The sex for offspring No. 7 from Litter 94 was not recorded on Day 4 of lactation in error. The sex on Day 1 and Day 13 of lactation for this offspring was confirmed as male, therefore, for reporting purposes, this offspring will be reported as male for Day 4 of lactation.

Applicant's summary and conclusion

Conclusions:

'No Observed Adverse Effect Level' (NOAEL) for developmental toxicity was considered to be 175 mg/kg bw/day.

Executive summary:

The oral administration of FAT 31016/T TE to rats by gavage, at dose levels of 25, 75 and 175 mg/kg bw/day in this study conducted according to OECD Guideline 422, resulted in treatment-related microscopic effects in animals of either sex treated with 175 mg/kg bw/day and in males treated with 75 mg/kg bw/day. The ‘No Observed Effect Level’ (NOEL) for systemic toxicity was therefore considered to be 75 mg/kg bw/day for females and 25 mg/kg bw/day for males.

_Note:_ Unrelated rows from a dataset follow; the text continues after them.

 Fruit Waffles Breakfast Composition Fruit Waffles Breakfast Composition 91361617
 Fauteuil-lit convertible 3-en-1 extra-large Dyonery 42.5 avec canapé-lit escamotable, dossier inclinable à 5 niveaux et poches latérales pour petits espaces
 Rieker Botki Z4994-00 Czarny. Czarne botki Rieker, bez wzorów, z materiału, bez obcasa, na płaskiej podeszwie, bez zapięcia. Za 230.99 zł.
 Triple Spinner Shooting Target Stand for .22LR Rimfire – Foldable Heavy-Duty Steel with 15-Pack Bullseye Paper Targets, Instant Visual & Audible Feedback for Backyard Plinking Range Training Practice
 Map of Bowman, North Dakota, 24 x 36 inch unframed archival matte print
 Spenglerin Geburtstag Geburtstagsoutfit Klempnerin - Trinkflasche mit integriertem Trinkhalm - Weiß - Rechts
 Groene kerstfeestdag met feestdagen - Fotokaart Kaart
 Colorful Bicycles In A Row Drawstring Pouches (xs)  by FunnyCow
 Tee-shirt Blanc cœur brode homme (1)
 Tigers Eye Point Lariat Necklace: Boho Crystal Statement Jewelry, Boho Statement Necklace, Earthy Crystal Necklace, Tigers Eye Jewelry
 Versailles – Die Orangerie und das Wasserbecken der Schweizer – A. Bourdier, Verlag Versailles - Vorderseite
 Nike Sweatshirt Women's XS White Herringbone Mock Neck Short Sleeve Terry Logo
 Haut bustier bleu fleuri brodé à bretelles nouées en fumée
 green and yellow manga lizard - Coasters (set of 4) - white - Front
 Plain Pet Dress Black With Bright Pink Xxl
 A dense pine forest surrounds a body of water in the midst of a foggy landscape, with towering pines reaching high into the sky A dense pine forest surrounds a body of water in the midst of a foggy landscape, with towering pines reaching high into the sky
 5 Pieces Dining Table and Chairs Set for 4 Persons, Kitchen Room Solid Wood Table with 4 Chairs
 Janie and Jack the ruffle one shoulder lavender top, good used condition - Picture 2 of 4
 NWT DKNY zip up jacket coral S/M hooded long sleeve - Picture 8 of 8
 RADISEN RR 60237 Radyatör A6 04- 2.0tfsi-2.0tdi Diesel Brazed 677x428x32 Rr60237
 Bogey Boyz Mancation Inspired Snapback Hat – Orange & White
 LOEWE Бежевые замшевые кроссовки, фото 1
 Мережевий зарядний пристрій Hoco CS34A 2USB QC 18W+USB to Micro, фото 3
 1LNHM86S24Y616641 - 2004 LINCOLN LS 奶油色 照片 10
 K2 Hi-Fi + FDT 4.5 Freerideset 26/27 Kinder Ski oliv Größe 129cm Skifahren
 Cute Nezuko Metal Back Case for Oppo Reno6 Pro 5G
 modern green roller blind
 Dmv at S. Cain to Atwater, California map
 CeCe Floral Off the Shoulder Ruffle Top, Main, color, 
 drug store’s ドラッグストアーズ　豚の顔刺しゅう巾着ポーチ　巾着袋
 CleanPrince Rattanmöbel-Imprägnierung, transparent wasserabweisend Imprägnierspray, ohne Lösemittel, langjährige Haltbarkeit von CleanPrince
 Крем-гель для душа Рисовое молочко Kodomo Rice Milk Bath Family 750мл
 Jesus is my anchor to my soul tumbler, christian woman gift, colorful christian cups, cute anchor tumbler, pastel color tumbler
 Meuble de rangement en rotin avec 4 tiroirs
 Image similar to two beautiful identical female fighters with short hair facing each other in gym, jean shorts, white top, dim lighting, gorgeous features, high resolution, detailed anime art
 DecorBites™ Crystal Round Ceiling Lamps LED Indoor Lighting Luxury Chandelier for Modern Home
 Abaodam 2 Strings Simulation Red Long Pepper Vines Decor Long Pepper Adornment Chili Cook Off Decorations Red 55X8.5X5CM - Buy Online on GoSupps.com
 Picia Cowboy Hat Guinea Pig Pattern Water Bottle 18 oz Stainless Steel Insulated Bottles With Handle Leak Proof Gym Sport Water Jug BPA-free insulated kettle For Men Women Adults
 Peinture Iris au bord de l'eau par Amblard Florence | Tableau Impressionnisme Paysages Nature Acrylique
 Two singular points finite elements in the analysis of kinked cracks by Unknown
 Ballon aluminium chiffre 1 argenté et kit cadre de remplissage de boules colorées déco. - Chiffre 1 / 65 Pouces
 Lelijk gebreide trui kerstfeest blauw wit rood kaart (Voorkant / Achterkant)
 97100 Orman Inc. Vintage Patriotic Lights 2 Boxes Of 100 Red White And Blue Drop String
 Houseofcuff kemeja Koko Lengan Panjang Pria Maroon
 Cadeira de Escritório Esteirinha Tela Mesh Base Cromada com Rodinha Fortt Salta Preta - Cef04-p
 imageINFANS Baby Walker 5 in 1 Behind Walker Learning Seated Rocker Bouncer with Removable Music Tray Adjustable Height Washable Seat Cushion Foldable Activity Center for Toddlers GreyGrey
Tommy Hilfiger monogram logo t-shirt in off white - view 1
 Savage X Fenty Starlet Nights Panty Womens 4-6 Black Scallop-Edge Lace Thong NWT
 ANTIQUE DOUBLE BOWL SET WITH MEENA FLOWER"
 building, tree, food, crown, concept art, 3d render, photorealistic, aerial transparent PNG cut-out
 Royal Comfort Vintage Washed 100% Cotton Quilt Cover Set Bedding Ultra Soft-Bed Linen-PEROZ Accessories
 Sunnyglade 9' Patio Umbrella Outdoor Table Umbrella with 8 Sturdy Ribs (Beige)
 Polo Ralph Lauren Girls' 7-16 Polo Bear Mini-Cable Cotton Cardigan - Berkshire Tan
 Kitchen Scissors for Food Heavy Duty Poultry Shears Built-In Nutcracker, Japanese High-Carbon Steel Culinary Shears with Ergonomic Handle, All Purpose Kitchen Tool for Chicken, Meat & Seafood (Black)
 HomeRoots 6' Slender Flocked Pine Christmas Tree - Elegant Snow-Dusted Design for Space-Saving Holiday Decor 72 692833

The reduced body weight development and microscopic changes evident in the stomach were considered to be the result of an irritant effect of the test item rather than a true systemic effect and as such was considered adaptive and non-adverse. Therefore, a ‘No Observed Adverse Effect Level’ (NOAEL) can be established at 175 mg/kg bw/day for animals of either sex.

There were no effects on fertility, the ‘No Observed Effect Level’ (NOEL) for fertility is considered to be 175 mg/kg bw/day. A 'No Observed Adverse Effect Level' (NOAEL) for developmental toxicity may be established at 175 mg/kg bw/day due to the effects seen in litter size, litter weights and offspring body weight gain being minimal, group mean values being within historical control ranges and most likely a result of the impaired health of the dam from lower body weight gain and food consumption during lactation.